Nucleic acids encoding enzymes that catalyze a reaction to transfer glucose to a hydroxyl group at 5-position of anthocyanins have been cloned from perilla, verbena, and torenia (WO99/05287). A nucleic acid encoding enzymes that catalyze a reaction to transfer rhamnose to anthocyanidin 3-glucoside has been cloned from petunia (Brugliera et al. (1994) Plant J. 5, p. 81).
Also, a nucleic acid encoding enzymes that catalyze a reaction to transfer glucose to a hydroxyl group at the 7-position of flavonoids has been cloned from Scutellaria baicalensis, and it has been reported that a protein obtained by expressing this gene in Escherichia coli also catalyzes a reaction to transfer glucose to a hydroxyl group at the 7-position of flavonoids (Suzuki et al. (2000) Plant 210, p. 1006). A nucleic acid encoding enzymes that catalyze a reaction to transfer glucose to a hydroxyl group at the 5-position of betanidine has been cloned, and a protein obtained by expressing this gene in Escherichia coli catalyzes a reaction to transfer glucose to a hydroxyl group at the 4′- and 7-positions of flavonoids (Vogt et al. (1999) Plant J. 19:509–519).

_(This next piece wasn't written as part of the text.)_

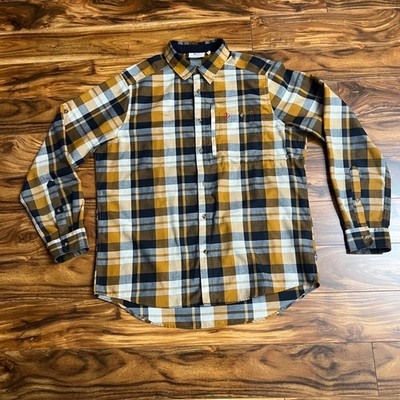 Fjallraven Fjallglim Shirt Mens Medium Mustard Yellow Plaid Flannel Hiking 81380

However, there has been no report on nucleic acid encoding enzymes that catalyze a reaction to transfer a glucose to the 3′-position of anthocyanins, and activity of such a enzyme has not been measured. No such enzyme has been purified, nor has any nucleic acid encoding such an enzyme ever been cloned. Glycosyltransferase may catalyze reactions of transferring glucose to plural hydroxy groups, as described above. However, in order to accumulate a target anthocyanin in a plant, it is necessary to use an enzyme exhibiting high substrate-specificity.